%%

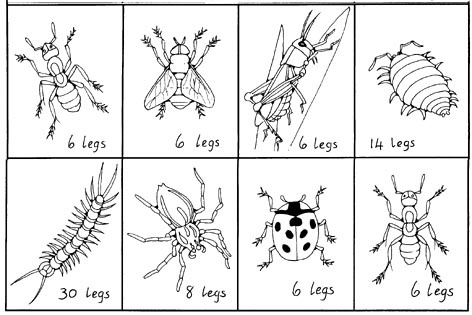 insects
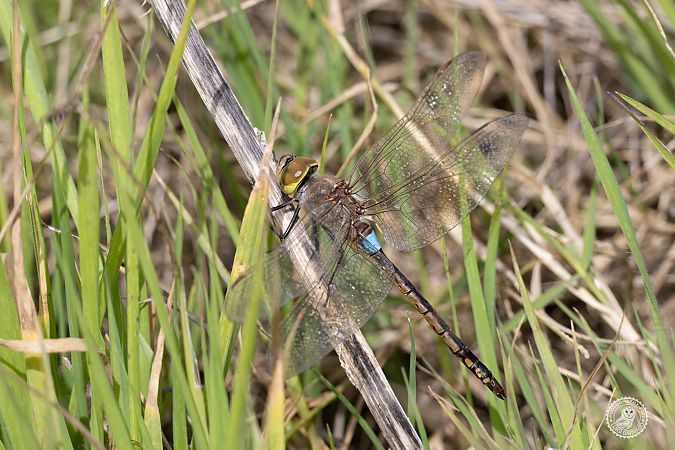 Anax ephippiger  - Luigi Barraco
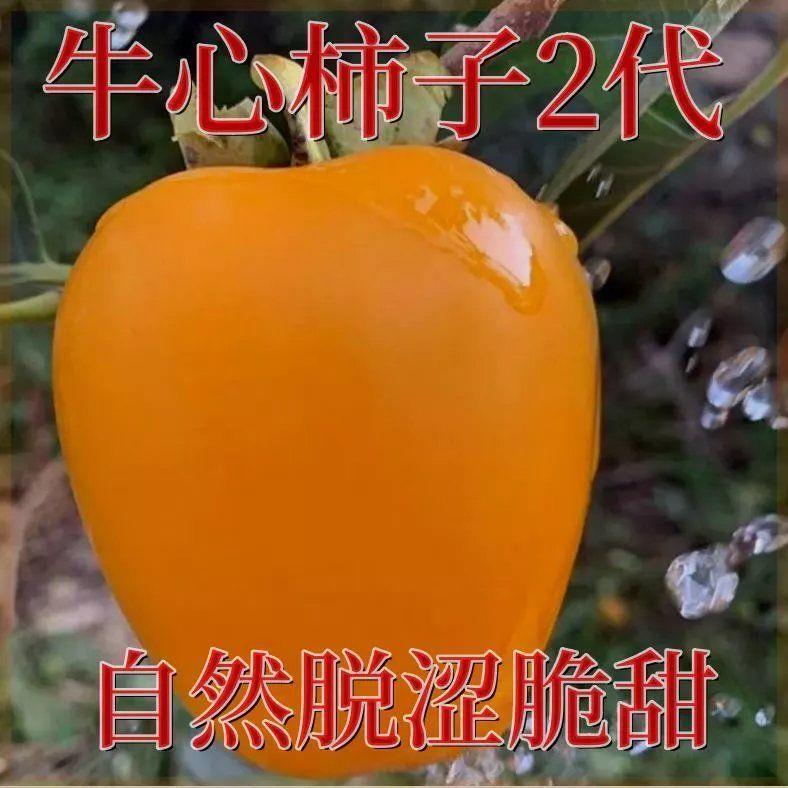 新品种牛心柿子二代树苗嫁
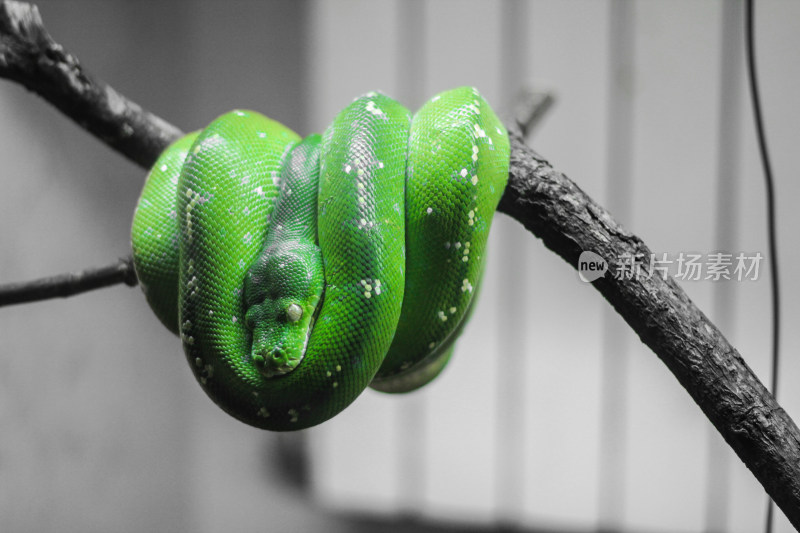 盘踞在树枝上的绿色蛇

%%

→ **TASK ITEM**: Once the pictures are set aside, give the listing again word for word.

→ **ANSWER TO THIS PROBLEM**:
 insects
 Anax ephippiger  - Luigi Barraco
 新品种牛心柿子二代树苗嫁
 盘踞在树枝上的绿色蛇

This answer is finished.